Give back the exact lines of the material below from the one containing "Walteco Türstopper 40x25" through the one containing "Appraisal: Haynsworth Baldrey", and no pictures.

**Extracted records:**
☆ ☆ ☆

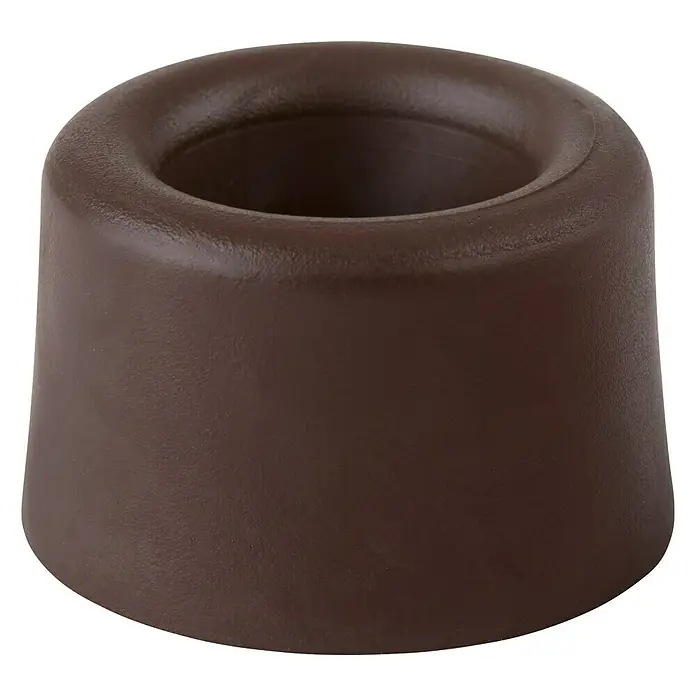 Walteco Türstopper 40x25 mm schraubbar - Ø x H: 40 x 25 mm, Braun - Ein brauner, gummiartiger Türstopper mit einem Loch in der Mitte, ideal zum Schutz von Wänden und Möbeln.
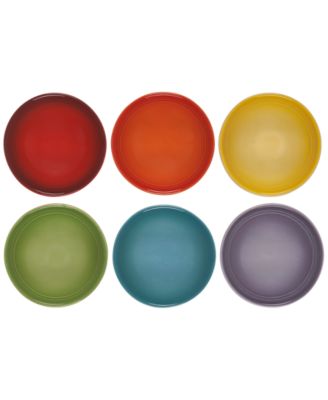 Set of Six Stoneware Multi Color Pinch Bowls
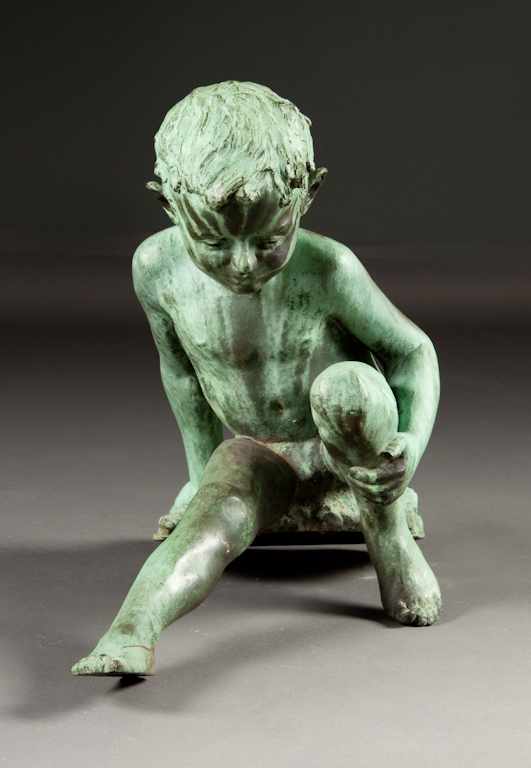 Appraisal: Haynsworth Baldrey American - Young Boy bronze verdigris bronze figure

☆ ☆ ☆

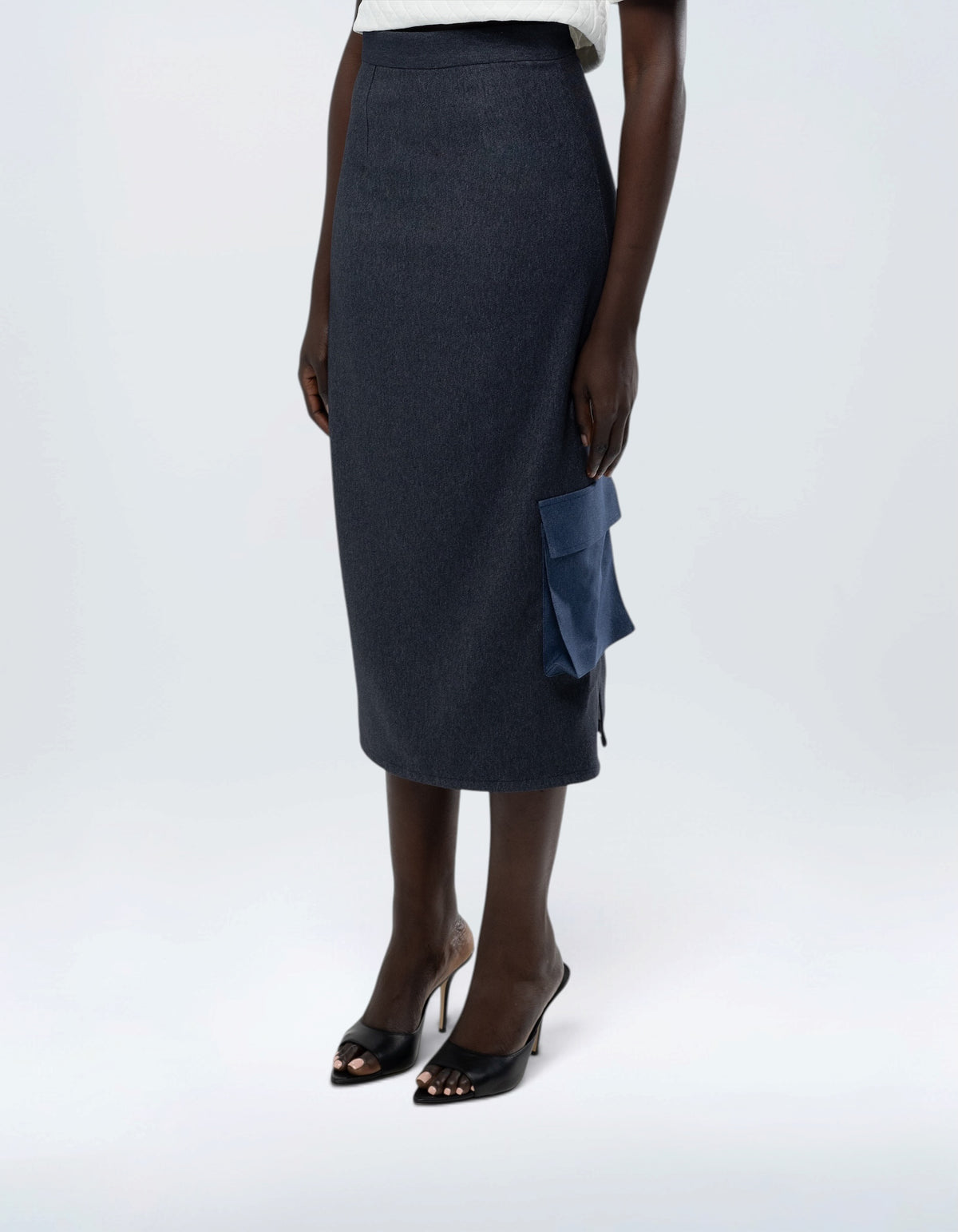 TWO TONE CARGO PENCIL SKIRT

☆ ☆ ☆

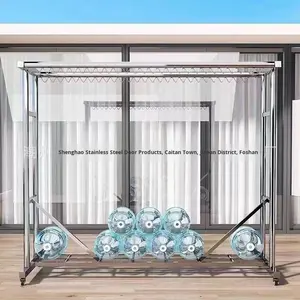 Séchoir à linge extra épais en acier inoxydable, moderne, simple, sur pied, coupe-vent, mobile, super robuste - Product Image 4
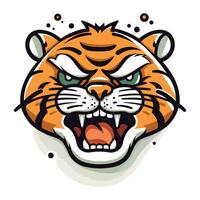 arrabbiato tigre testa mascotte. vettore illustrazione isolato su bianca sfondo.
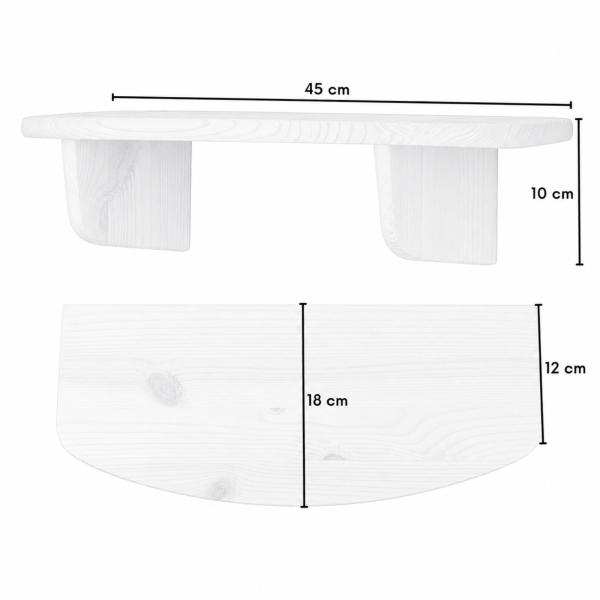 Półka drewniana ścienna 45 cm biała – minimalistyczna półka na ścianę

☆ ☆ ☆

**Result below:**
 Walteco Türstopper 40x25 mm schraubbar - Ø x H: 40 x 25 mm, Braun - Ein brauner, gummiartiger Türstopper mit einem Loch in der Mitte, ideal zum Schutz von Wänden und Möbeln.
 Set of Six Stoneware Multi Color Pinch Bowls
 Appraisal: Haynsworth Baldrey American - Young Boy bronze verdigris bronze figure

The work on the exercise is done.